# Pre Modified Rancilio Silvia (V1/V2) Steam Wand - DIY for Numpties



## yardbent (Aug 8, 2015)

yep for DIY failures - like me

this pre-modified wand comes with the correct Gaggia threaded nut - a direct replacement

no 'straighten original wand' to get the nut OFF

  

£15.95 posted from edesia-express on eBay UK


----------



## Rhys (Dec 21, 2014)

It's where I got mine from.. But.. You need to swap the washer over for the original one as the pre-modded one is too thin.


----------



## yardbent (Aug 8, 2015)

Rhys said:


> ..... But.. You need to swap the washer over for the original one as the pre-modded one is too thin.


ahha - thanks

edit....done - sorted - no drips - thanks for the tip


----------



## Rhys (Dec 21, 2014)

yardbent said:


> ahha - thanks
> 
> edit....done - sorted - no drips - thanks for the tip


When I fitted mine, it was loose and leaked steam from the joint. Advised to swap the washers over and no leaks.


----------



## Rompie (Apr 18, 2015)

This might be a stupid question but would this work/fit on a commercial gaggia two group machine? We have one at work and I can't stand the standard steam wand it has!


----------



## yardbent (Aug 8, 2015)

Rhys said:


> When I fitted mine, it was loose and leaked steam from the joint. Advised to swap the washers over and no leaks.

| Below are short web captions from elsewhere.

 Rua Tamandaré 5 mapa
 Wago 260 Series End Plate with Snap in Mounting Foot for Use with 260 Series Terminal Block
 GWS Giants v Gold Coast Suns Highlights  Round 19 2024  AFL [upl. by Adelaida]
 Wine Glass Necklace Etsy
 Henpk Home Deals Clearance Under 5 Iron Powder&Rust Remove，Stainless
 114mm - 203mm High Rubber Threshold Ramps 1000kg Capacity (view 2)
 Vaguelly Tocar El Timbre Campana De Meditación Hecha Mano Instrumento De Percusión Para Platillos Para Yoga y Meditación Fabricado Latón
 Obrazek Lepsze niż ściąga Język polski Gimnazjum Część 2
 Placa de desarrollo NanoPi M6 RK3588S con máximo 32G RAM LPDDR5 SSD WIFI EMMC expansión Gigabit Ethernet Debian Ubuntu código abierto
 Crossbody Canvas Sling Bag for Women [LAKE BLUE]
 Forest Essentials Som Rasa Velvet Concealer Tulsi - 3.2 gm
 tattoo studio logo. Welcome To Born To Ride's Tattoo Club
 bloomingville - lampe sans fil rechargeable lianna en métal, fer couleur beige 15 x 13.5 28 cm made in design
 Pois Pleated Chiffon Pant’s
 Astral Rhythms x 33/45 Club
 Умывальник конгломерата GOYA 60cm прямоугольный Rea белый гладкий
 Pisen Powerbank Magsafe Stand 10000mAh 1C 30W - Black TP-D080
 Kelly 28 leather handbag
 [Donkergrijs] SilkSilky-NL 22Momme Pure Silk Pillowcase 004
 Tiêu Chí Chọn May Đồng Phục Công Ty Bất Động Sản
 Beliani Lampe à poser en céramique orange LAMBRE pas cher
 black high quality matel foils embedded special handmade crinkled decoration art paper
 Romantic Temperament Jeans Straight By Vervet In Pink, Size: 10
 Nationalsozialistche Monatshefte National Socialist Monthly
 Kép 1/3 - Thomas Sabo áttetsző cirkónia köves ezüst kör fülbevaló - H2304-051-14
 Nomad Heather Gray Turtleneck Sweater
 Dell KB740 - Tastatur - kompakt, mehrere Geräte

when i pulled out the standard wand - it came out naked leaving the original O-ring in place so i just inserted the Sivia wand.


----------



## m4lcs67 (Mar 16, 2014)

Cannot remember where I got my Silvia from, but it is a whole heap better than the standard paranello.


----------



## coockiechase (Sep 26, 2015)

is the v3 wand any different?


----------



## Jollybean (May 19, 2013)

Yes it is fully articulated rather than than just swivelling round, which makes it easier to get the right angle for a nice swirl in the jug


----------